Durham Crime Cabinet bids farewell to Clement
One of the founders of the Durham Crime Cabinet bid farewell Friday to the group that’s charged with carrying on the mandate of reducing local crime that started 17 years.
Howard Clement, who also retires later this month from his seat on the City Council, was Durham’s mayor pro tem when the committee kicked off in 1997 after a particularly troubling six-year crime wave.
He sought to engage the whole community in the process, said the cabinet’s co-chair, Durham County Commissioner Ellen Reckhow
“Howard was just a huge force for keeping us grounded in working for all the citizens of Durham County,” she said.
She thanked him for his leadership, crediting it for making Durham “a safer place to live and work.”
Patrick Byker, a local zoning attorney who helped establish the cabinet, paid tribute to Clement by saying, “It would not have gone very far without the mayor pro tem at the time – still mayor pro tem in my heart – Howard Clement.”
Byker said that Durham has come a long way in the past 17 years that Clement has co-chaired with Reckhow, and “all that was done because we had great leadership.”
Work remains to be done, Byker said.
“The work of the Crime Cabinet needs to go forward and strive for an ever safer community,” he said.
Mike Woodard, now a state senator but a member of the cabinet during his tenure on the City Council, counted Clement among the “great champions” for the issue of crime reduction in Durham.
“I trace so much of my interest in this issue to my relationship with Howard and his leadership,” Woodard said.
Clement thanked those assembled for the kind words.
“This has been a grand experience and I want to thank all of you for being part of this respectful service,” he said.
Woodard recommended that the committee appoint Clement as an emeritus member. The Crime Cabinet did so, unanimously.
“You’re welcome back any time,” Reckhow told him as he departed with his wife, Annie.
In other Crime Cabinet business on Friday, Shelly Green of the Durham Convention & Visitors Bureau shared comparative crime statistics for Durham, other cities in the Southeast and across the nation for 2012.
Among other information in her report:
• Durham city and county both fell below average in the region for homicides and rapes.

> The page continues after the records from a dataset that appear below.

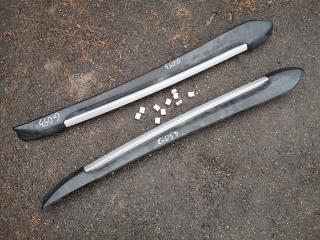 дуги на крышу (рейлинги) Buick Encore 1 поколение [рестайлинг] 2018, 1.4 л., бензин, АКПП, 95437104, 95437103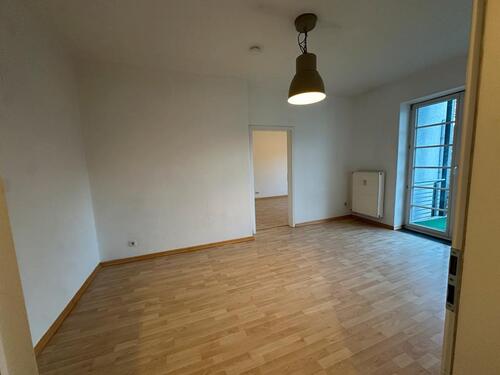 Foto - Helle-2-Zimmer-Wohnung mit Balkon mit EBK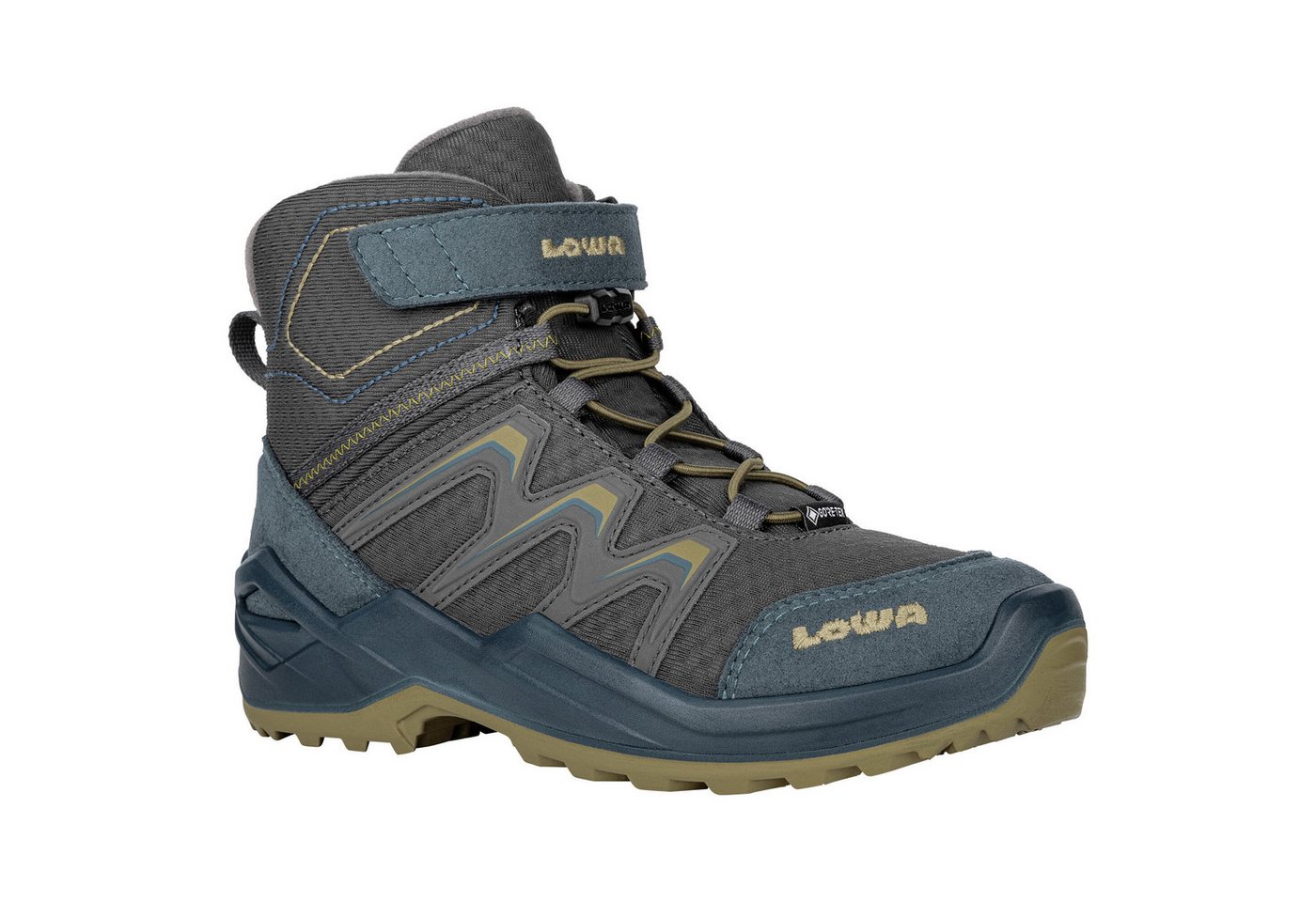 Lowa Maddox Warm GTX Mid Jr Wanderstiefel Bild 2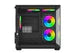 STARK Z15 ARGB Dual Tempered Glass Gaming Cabinet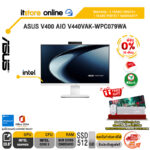 [ผ่อน 0% 10 เดือน]ASUS V400 AIO V440VAK-WPC079WA /Core 5/ประกัน 3 Years Onsite + 1 Year Perfect Warranty/BY ITSTORE-ONLINE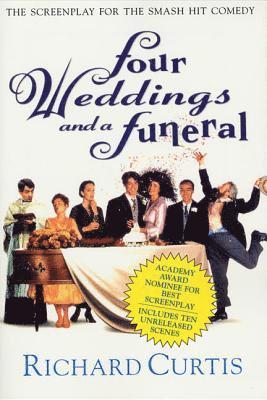 bokomslag Four Weddings And A Funeral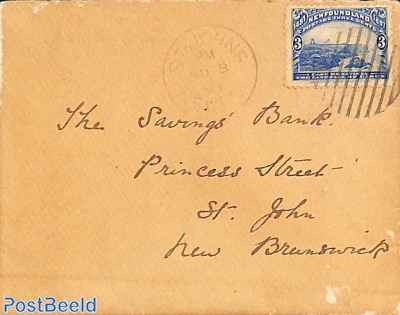 Letter to New Brunswick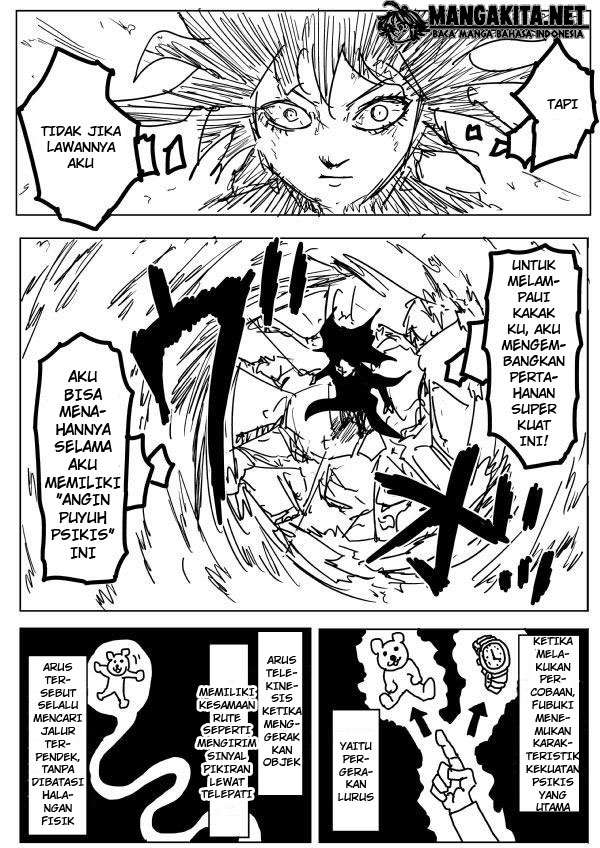One-Punch Man (ONE) Bab 77 halaman 4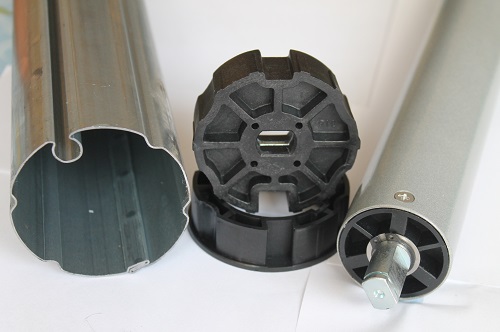 Adattatore standard per motore tapparelle e tende da sole con varie misure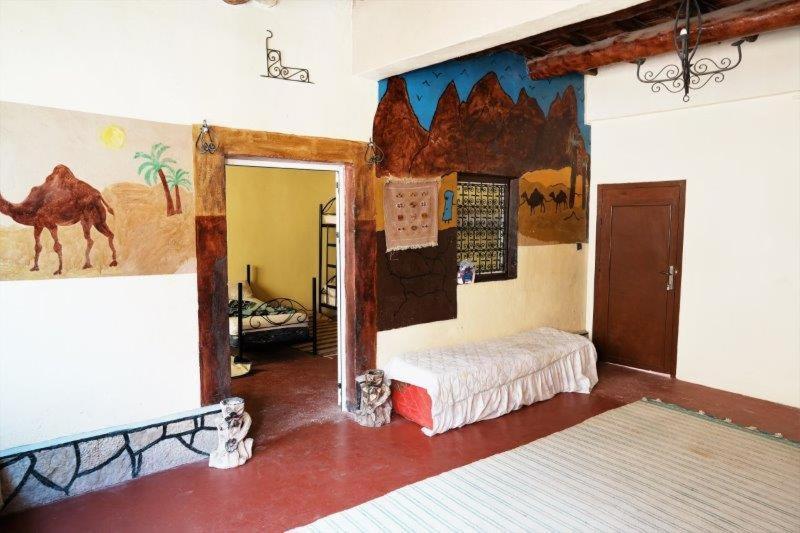 Dounia Hostel Tinghir Luaran gambar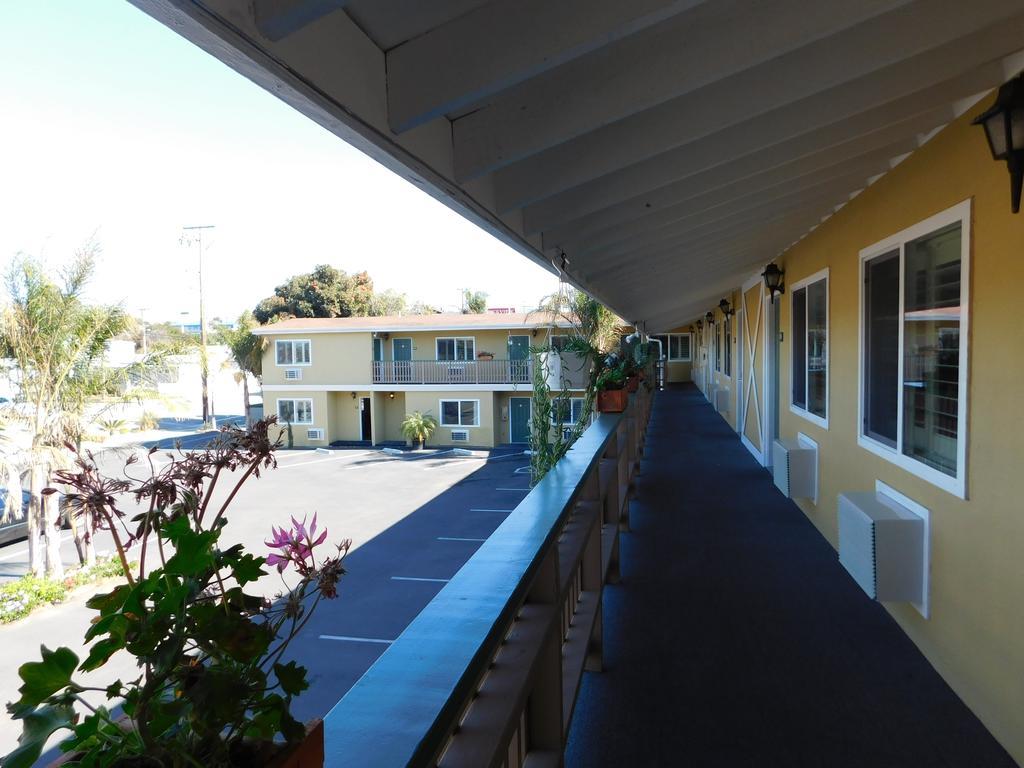 Seaside Inn Morro Bay Exterior photo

However, the city was above average when it comes to robberies and aggravated assaults. The county fell below average on robberies, but above average on aggravated assaults. Both city and county violent crimes fell below the national average.
• Property crimes in the city and county fell below both the regional and national averages.
• In a survey about perception of safety, 64 percent of the 400 respondents from the city and the county reported that they felt safe, with 14 percent uncertain and 22 percent feeling unsafe. Of those, people 55 or older felt less safe or uncertain – 54.5 percent and 27.3 percent respectively.
That overall sense of safety is down slightly from last year’s 68.5 percent.
Whites and blacks felt about equally safe, 63.9 and 62.9 percent, although more white than black indicated that they felt unsafe, 25.2 compared to 19.7 percent. Hispanics felt safest – 71.9 percent – with only 12.5 percent uncertain and 15.6 percent feeling unsafe.
Women reported feeling safer than men, 69.7 compared with 57.2 percent.
The basis for the perception of safety – for good or ill, Green said – came mostly from media reports, personal experience or word of mouth.